A: I think women are getting more recognizable and stronger in the industry. It is relatively common now to have women in exploration camps and on mine sites, doing all sorts of jobs. And I do think it was the case even 20 years ago, but it is certainly more common now.
I think one aspect that has improved is having a career in the industry while being a mother at the same time, at least in some countries. Personally, it has not been that difficult to have the career development that a man would have. But I think that what tends to happen is that there is an expectation that the woman will assume most of the caring duties for the child. At least in the UK, paternity leave is still insignificant compared with maternity leave and it is expected that the woman will only work part-time, that will be less likely to travel, and that will be more likely to have to go home earlier.
Countries like Sweden had however changed that. There you have both parents bearing almost equal responsibility for the children. So, I think the difficulty comes with the general mindset revolving around the working mother, and that is not only happening in the mining sector, but because of the nature of the job, it really can become a major issue.
Q: How do you think technology impacts scientific collaboration nowadays, especially in terms of communication in a (post)pandemic world?
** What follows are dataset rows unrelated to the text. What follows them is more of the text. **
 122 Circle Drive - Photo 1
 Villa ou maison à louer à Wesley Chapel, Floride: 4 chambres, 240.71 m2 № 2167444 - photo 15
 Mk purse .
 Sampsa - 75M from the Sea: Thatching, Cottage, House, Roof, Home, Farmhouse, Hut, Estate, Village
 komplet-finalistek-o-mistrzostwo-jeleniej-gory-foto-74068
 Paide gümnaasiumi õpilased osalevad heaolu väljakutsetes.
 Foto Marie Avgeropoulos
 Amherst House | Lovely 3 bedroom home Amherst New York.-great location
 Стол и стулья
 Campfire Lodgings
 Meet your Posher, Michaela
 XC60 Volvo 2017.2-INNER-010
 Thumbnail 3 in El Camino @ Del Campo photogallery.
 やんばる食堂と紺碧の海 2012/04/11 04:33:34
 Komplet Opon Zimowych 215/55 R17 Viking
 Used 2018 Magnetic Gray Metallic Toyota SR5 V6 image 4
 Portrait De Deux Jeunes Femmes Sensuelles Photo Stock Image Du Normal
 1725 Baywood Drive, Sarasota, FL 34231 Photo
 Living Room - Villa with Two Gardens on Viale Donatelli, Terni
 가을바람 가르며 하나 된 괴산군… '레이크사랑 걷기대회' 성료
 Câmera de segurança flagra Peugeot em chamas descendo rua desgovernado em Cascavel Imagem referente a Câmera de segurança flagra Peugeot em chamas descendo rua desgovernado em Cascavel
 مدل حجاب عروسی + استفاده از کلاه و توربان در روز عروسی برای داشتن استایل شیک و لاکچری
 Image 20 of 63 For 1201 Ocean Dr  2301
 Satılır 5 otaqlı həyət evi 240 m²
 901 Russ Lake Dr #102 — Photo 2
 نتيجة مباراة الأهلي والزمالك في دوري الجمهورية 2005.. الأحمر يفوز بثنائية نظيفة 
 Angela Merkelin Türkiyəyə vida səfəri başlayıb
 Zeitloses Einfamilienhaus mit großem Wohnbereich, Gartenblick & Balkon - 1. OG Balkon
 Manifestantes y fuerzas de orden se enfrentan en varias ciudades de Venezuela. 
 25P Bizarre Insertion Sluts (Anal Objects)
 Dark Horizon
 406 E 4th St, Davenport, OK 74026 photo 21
A: When I started out, I was working in an office of 100 people, and there was only one computer with an internet connection. I am from the generation that grew up without email, and all the technology that followed had become mainstream while I was working. You’d always meet people in person and have to travel to meet with the people that you’d work with. And even though we’ve had a lot of our research done using communication technology before, it wasn’t until 2020 when we’ve seen this massive change. Now, everybody just assumes meetings are going to be on Zoom, rather than face to face.
And it does really help people in developing countries. Many have skipped the phase of having to work around desktop computers and they went straight to smartphones and portable devices. So, people are much more connected. And I think that is great! But ultimately, you still need to meet people face to face to get to know them a bit. And of course, you’d still have to go to look at the rock in person!
Q: What do you think the next big thing is in geosciences and mining?
A: Obviously, big data and machine learning are important technologies, because they deal with the collected data easier and eliminate some errors factors. But if the data is bad, the result will be bad. So, if you don’t really understand that you’re applying the algorithms to, technologies like that are not so useful.
In my opinion, it’s not a new one at all. It is the mineral systems approach, which is widely used in Australia and is also used elsewhere in the world. But for many of the critical raw materials is really just catching on. It helps to understand the key targeting features that you’re actually looking for and target prospective deposits. And I think that sort of approach is working extremely well in Australia and Canada, but in Africa, it hasn’t really been adopted on a larger scale, and I think that is the real way forward.
Q: Finally, what would be your advice for anyone who is starting a career in geosciences?
A: Well, my piece of advice has been out there for a long while, and it can’t work for anybody, but I would definitely recommend it. See as many rocks as possible - be it in the core-store, on the field, in datasets, or as samples in the laboratory - to solidify your practical experience. Getting that practical experience is important.
If you are going to an exploration project and you are talking to somebody who has spent time getting that practical experience, you will see them immediately looking at things with a well-rounded perspective and using that experience to notice things that might be missed otherwise. It is all about having seen things before.